Dennis Brooks has farmed with his wife, Deb, for more than 50 years at their Bellefonte, Pennsylvania, dairy farm. They have noticed the Dairy of Distinction signs at the entrance to other dairies and Deb Brooks decided it was time to submit their farm for consideration.
The family crops 900 acres, owned and rented, and has a dairy herd of about 180 Holstein cows. They market their milk through Dairy Farmers of America and have a rolling herd average of 25,486 pounds of milk. They raise all of their own youngstock and also have 85 head of beef cattle located at another farm.
Dennis Brooks said the award is a recognition of the attention to detail and care they provide for their dairy herd.

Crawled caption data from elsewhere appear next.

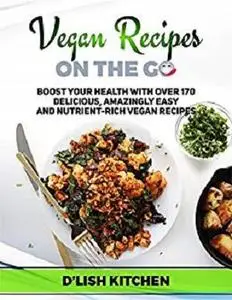 Vegan Recipes On The Go: Over 170 Delicious, Amazingly Easy And Nutrient-Rich Vegan Recipes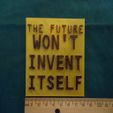 Future_wont_invent_itself.JPG The Future Won't Invent Itself Wall Plaque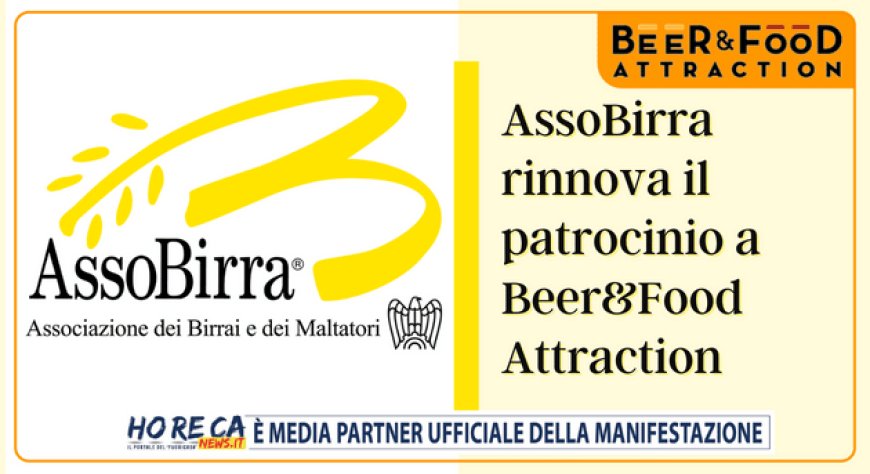 AssoBirra rinnova il patrocinio a Beer&Food Attraction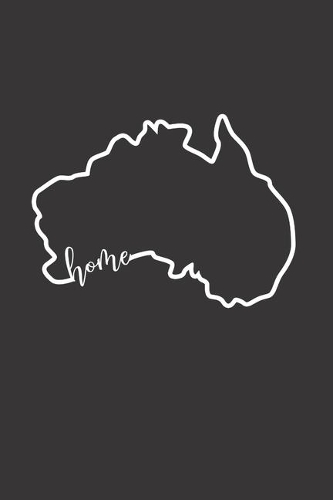 Australien Reisetagebuch: Home - liniertes Notizbuch für die schönsten Erlebnisse und Momente - Journal für Urlauber, Auswanderer oder deinem neuen zu Hause
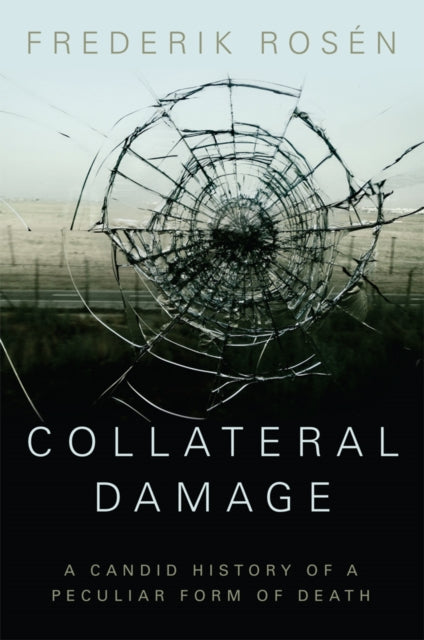 Collateral Damage: A Candid History of a Peculiar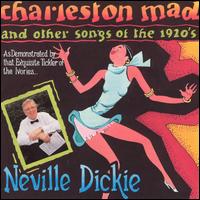 Neville Dickie - Charleston Mad lyrics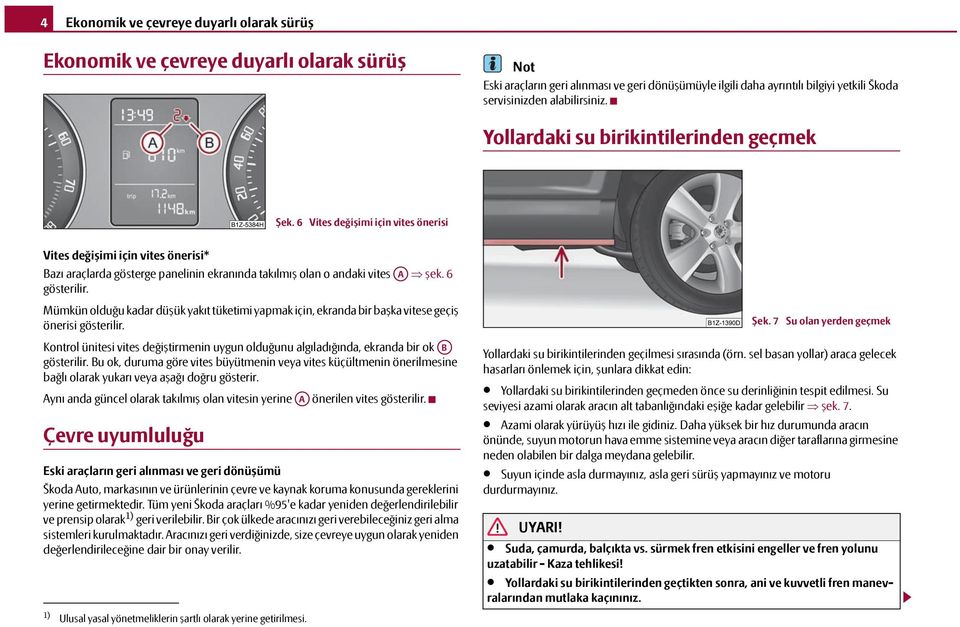 6 Vites değişimi için vites önerisi Vites değişimi için vites önerisi* Bazı araçlarda gösterge panelinin ekranında takılmış olan o andaki vites A şek. 6 gösterilir.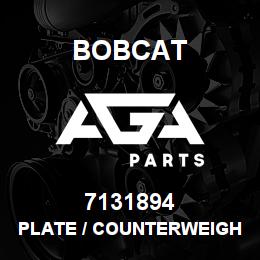 7131894 Bobcat PLATE / COUNTERWEIGHT | AGA Parts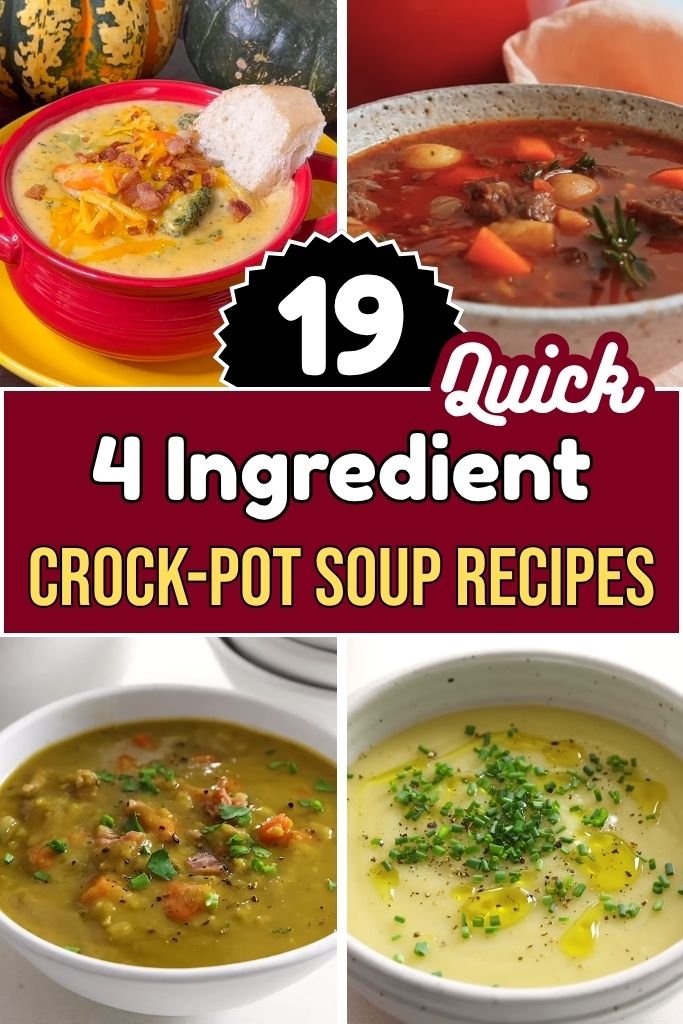 19 Quick 4 Ingredient Crock-Pot Soup Recipes
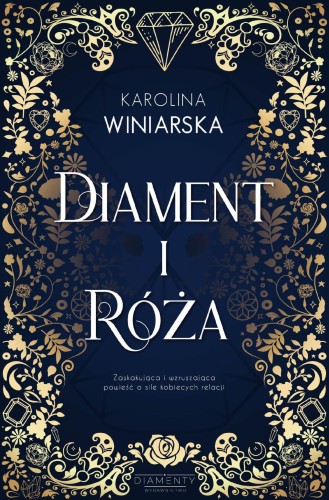 Diament i Róża, Karolina Winiarska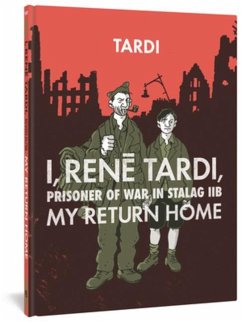 I, Rene Tardi, Prisoner Of War In Stalag Iib Vol. 2 - Tardi, Jacques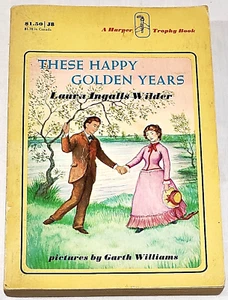 These Happy Golden Years - Paperback By Laura Ingalls Wilder - VERY GOOD - Picture 1 of 1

“The Dairy of Distinction is our farm being recognized for being clean, we have always done that, the sign does not change that,” he said. “It sure helps that the outside people may recognize it as a higher step.”
The beef is destined for a private butcher shop in Brooklyn, New York. He’s had plenty of chefs and food service employees at the farm to observe management practices and what he is feeding his cattle. While they might be observing his beef operation, the Dairy of Distinction sign helps to tell the story about their operation.
“That sign will sell you, tells how much pride you have (in your farm) and other people recognize it,” he said.
Dennis Brooks took over the farm when he was 23 and hopes to transition the farm over to his one son who works for him full time.
Brooks is able to feed his herd based off his crop ground where he raises a mix of corn, alfalfa, wheat, soybeans and double crops with rye and triticale. On good years, he will market excess grain.
“I think in the last three years, we have been really blessed with good weather and turned some numbers,” he said.
The first step in qualifying for the Dairy of Distinction is milk quality. The board evaluates the farm’s milk quality records before making a site visit to evaluate the farm’s appearance.
Brooks’ cows are housed in a freestall barn, and milked in the original 52-cow tie-stall barn. The good milk quality requires keeping cows clean and plenty of fresh bedding. Cows have plenty of air circulation to keep cool in the summer and easy access to water.
He also focuses on milk procedures to make sure cows are properly prepped and milked.
“I pretty much live in the barn, I don’t miss too many milkings,” he said.